W poniedziałek Grecja rozpoczęła deportacje pierwszych uchodźców, ale już na drugi dzień zaczęły pojawiać się pierwsze problemy. Grecja może deportować tylko tych, którzy nie złożyli wniosku o azyl w tym kraju i liczyli na to że przedostaną się w głąb Europy a okazało się, że transport migrantów z jednego z obozów został wstrzymany ponieważ większość z nich już złożyła odpowiednie dokumenty, zatem mieli prawo pozostać na terenie kraju.
Dyrektor greckich służb odpowiedzialnych za przydzielanie azylu powiadomił, że kilka tysięcy ludzi przebywających w obozach chce pozostać w Grecji. Oczekiwanie na odpowiedź trwa zazwyczaj około trzy miesiące, ale w tym przypadku proces ten zostanie przyspieszony.
W ciągu 24 godzin wywieziono ponad 200 osób, ale Turcja nadal nie powstrzymała migracji. W tym samym czasie na greckie wyspy Lesbos i Samos przybyło 207 uchodźców. Grecja nie może ich odsyłać, ponieważ przybysze chcą składać wnioski o azyl. Natomiast zgodnie z porozumieniem UE i Turcji, za każdą deportowaną osobę Europa przyjmie jednego uchodźcę bezpośrednio z tureckich obozów. Zatem Grecja przyjmuje kolejnych azylantów z Turcji a Europa musi przyjąć taką samą ilość ludzi, jaką udało się już wywieźć.

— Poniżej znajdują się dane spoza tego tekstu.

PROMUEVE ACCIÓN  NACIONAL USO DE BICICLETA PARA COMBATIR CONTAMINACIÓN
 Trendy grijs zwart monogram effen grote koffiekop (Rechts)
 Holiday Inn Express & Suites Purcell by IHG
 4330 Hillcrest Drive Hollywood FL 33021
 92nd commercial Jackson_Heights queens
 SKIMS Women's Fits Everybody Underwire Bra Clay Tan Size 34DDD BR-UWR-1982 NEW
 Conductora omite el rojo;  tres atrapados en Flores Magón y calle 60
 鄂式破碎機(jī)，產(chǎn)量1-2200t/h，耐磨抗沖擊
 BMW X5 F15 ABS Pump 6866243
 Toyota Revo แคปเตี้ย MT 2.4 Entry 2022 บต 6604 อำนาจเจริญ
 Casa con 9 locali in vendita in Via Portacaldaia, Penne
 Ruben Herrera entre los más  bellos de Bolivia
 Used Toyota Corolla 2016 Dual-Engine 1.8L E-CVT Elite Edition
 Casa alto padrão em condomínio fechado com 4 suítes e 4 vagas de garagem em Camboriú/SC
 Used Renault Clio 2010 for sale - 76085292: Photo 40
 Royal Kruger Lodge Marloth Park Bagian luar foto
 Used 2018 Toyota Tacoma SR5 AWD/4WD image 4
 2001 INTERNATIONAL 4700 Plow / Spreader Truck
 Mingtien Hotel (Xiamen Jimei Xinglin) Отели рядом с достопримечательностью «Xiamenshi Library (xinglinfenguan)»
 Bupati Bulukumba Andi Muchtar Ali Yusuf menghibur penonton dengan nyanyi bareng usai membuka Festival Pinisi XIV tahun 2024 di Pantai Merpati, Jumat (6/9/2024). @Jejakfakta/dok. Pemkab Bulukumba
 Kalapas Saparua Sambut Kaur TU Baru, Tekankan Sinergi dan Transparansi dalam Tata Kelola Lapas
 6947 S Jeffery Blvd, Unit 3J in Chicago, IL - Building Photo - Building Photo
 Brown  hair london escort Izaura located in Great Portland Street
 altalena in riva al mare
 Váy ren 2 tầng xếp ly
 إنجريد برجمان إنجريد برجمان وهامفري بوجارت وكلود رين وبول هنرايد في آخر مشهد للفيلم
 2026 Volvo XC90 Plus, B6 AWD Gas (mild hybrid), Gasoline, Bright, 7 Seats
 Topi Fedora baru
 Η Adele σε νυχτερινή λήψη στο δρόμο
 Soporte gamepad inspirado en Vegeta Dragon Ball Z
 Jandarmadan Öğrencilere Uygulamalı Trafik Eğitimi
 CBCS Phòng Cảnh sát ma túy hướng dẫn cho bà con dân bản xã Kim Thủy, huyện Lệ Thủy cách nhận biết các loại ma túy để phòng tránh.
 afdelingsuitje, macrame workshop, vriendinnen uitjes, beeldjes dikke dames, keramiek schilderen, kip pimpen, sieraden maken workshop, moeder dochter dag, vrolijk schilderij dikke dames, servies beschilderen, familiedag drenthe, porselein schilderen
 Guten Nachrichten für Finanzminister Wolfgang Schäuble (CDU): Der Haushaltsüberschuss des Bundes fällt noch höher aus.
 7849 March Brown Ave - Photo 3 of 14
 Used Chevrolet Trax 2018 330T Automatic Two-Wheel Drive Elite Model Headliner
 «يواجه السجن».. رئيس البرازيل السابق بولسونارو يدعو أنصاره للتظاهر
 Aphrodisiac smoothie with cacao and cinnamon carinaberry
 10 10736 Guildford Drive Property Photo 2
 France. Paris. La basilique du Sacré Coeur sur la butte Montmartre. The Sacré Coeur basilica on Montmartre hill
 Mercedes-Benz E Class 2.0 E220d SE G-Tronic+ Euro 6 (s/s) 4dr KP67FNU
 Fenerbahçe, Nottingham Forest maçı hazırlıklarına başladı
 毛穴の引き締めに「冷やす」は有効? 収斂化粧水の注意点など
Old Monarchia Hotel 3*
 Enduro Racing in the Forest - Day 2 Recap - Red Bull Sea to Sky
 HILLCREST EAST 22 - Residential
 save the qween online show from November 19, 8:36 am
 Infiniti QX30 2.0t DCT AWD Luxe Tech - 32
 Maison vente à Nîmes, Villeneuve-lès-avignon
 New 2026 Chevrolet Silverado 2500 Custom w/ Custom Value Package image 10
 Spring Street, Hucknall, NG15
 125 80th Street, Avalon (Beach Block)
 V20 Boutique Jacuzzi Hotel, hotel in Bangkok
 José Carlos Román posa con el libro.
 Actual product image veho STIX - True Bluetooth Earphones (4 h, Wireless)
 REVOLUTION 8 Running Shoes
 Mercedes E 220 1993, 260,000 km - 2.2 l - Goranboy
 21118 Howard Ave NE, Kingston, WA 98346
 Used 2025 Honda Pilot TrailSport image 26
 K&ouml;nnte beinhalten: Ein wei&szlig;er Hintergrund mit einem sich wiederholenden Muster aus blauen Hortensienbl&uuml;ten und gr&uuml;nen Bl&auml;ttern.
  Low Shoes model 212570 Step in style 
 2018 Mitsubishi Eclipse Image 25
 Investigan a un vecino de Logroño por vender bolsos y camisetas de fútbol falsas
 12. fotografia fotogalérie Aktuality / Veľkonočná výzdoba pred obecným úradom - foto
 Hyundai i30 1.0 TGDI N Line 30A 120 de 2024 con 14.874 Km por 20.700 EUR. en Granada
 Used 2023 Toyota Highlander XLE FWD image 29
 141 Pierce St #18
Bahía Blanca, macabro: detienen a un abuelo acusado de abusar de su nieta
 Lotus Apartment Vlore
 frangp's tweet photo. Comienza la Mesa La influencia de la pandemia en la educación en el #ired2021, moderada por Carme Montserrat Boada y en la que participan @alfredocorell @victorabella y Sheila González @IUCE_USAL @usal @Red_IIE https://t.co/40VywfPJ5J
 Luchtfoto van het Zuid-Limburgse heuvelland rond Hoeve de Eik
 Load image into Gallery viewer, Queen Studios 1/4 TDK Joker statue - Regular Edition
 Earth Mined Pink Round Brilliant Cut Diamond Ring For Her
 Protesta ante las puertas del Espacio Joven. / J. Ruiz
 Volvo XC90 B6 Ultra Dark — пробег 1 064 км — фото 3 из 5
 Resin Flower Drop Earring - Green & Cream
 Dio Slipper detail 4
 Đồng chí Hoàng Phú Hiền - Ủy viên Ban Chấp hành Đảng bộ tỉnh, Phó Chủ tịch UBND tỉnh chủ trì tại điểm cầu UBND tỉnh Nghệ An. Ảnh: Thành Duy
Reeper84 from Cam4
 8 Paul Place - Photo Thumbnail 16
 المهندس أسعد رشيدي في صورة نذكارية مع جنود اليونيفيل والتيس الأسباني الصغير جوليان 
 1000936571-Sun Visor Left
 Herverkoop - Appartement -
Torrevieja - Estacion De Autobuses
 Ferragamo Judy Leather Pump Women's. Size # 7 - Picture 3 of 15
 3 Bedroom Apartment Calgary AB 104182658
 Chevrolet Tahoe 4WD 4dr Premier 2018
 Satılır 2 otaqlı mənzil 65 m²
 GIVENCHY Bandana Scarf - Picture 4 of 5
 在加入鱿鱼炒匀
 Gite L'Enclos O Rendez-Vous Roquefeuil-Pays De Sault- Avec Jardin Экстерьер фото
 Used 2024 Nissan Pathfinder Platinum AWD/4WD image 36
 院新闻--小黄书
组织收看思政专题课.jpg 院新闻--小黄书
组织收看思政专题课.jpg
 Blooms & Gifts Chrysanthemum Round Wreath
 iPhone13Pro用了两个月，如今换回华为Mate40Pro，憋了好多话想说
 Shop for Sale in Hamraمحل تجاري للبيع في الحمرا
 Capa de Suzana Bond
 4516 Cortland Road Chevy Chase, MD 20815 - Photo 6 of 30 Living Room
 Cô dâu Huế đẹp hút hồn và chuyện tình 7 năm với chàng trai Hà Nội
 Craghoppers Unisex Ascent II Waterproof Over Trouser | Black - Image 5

W obecnej postaci umowa jest po prostu absurdem, skoro Unia Europejska chce powstrzymać migrację ale zgodziła się przyjąć kolejnych uchodźców. Uciekinierzy wraz z terrorystami nadal przybywają i będą przybywać do Europy a Turcja nie dość że otrzyma łącznie 6 miliardów dolarów, to jeszcze tego lata będzie miała zniesione wizy i prędzej czy później oficjalnie stanie się krajem europejskim.